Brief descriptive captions
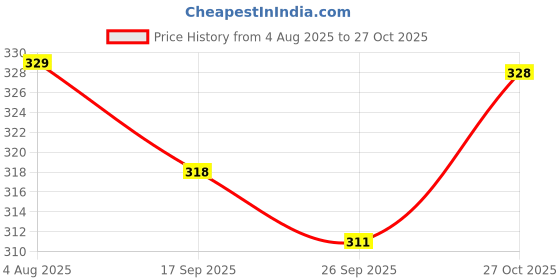 flipkart.com damensch Deo-Cotton Anti-Bacterial Grey Solid Men Trunk damensch Price History Graph from 4 Aug 2025 to 27 Oct 2025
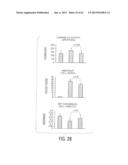 Protein Therapy for Treatment of Eye Diseases diagram and image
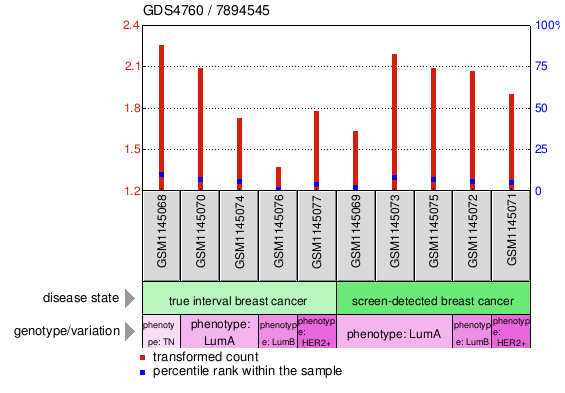 Gene Expression Profile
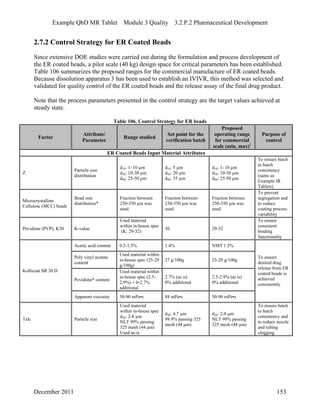 Example QbD MR Tablet Module 3 Quality 3.2.P.2 Pharmaceutical Development
2.7.2 Control Strategy for ER Coated Beads
Since extensive DOE studies were carried out during the formulation and process development of
the ER coated beads, a pilot scale (40 kg) design space for critical parameters has been established.
Table 106 summarizes the proposed ranges for the commercial manufacture of ER coated beads.
Because dissolution apparatus 3 has been used to establish an IVIVR, this method was selected and
validated for quality control of the ER coated beads and the release assay of the final drug product.
Note that the process parameters presented in the control strategy are the target values achieved at
steady state.
Table 106. Control Strategy for ER beads
Factor
Attribute/
Parameter
Range studied
Set point for the
verification batch
Proposed
operating range
for commercial
scale (min, max)1
Purpose of
control
ER Coated Beads Input Material Attributes
Z
Particle size
distribution
d10: 1- 10 µm
d50: 10-30 µm
d90: 25-50 µm
d10: 5 µm
d50: 20 µm
d90: 35 µm
d10: 1- 10 µm
d50: 10-30 µm
d90: 25-50 µm
To ensure batch
to batch
consistency
(same as
Example IR
Tablets)
Microcrystalline
Cellulose (MCC) beads
Bead size
distribution*
Fraction between
250-350 µm was
used
Fraction between
250-350 µm was
used
Fraction between
250-350 µm was
used
To prevent
segregation and
to reduce
coating process
variability
Povidone (PVP), K30 K-value
Used material
within in-house spec
(K: 29-32)
30 29-32
To ensure
consistent
binding
functionality
Acetic acid content 0.5-1.5% 1.4% NMT 1.5%
Poly vinyl acetate
content
Used material within
in-house spec (25-29
g/100g)
27 g/100g 25-29 g/100g
Povidone* content
Used material within
in-house spec (2.5-
2.9%) + 0-2.7%
additional
2.7% (as is)
0% additional
2.5-2.9% (as is)
0% additional
Kollicoat SR 30 D
Apparent viscosity 50-90 mPa•s 88 mPa•s 50-90 mPa•s
To ensure
desired drug
release from ER
coated beads is
achieved
consistently
Talc Particle size
Used material
within in-house spec
d50: 2-8 µm
NLT 99% passing
325 mesh (44 μm)
Used as-is
d50: 4.7 µm
99.9% passing 325
mesh (44 μm)
d50: 2-8 µm
NLT 99% passing
325 mesh (44 μm)
To ensure batch
to batch
consistency and
to reduce nozzle
and tubing
clogging
December 2011 153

_TASK ITEM_
Repeat, exactly as they stand, the line that contains "99.9% passing 325" and all the lines after it in the data above.

_TASK SOLUTION_
99.9% passing 325
mesh (44 μm)
d50: 2-8 µm
NLT 99% passing
325 mesh (44 μm)
To ensure batch
to batch
consistency and
to reduce nozzle
and tubing
clogging
December 2011 153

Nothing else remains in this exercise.